Twisting his head, Indi looked up at the lintel of the houseplace and saw the ash-white form of Tir carved into the wood. It was a sign of blessing for the household: all under the sign of Tir should be strong and swift and fruitful, both the men and the women, and the horses and sheep on which the Downspeople made their livelihood.
But the Gods were erratic. Even now, across the dun sprawling at his feet with its huddles of women about the doorways and darting bodies of youngsters, Indi could see the wavering blue smudge of smoke rising into the heavy air as the priests burned sacrifices to the Gods of Thunder in the hopes to appease them, and he knew it would do as much to stop the charge of Tir as a bramble-fence would stop the flood of the sea.

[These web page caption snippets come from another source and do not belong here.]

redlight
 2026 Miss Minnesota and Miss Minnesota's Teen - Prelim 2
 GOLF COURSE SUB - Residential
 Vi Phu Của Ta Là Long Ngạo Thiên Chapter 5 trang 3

“You feel it also, the coming of the storm?” a voice suddenly spoke above Indi.
Turning around, the young man looked up at his mother. She was very straight and tall, and showed no physical signs that she had borne her noble husband a son and two daughters. Apart from her wise and weathered face, she looked very like a girl who had not been wed to a man. Her eyes were very deep and as green as the sea with tints of gold in them; at present, they were fixed on the dark rows of clouds in the west.
“Yes, Mother, I feel it over-strongly.” Indi got to his feet and stood by her. Though she was tall, he was taller. His frame nearly filled the doorway, and he had to turn aside to let her see around him. His ruddy hair came down to his tattooed shoulders, but his face was still clean as a boy’s; he was still too young to have much of a beard. In a moment he spoke again. “But, it is in my heart that you feel something else.”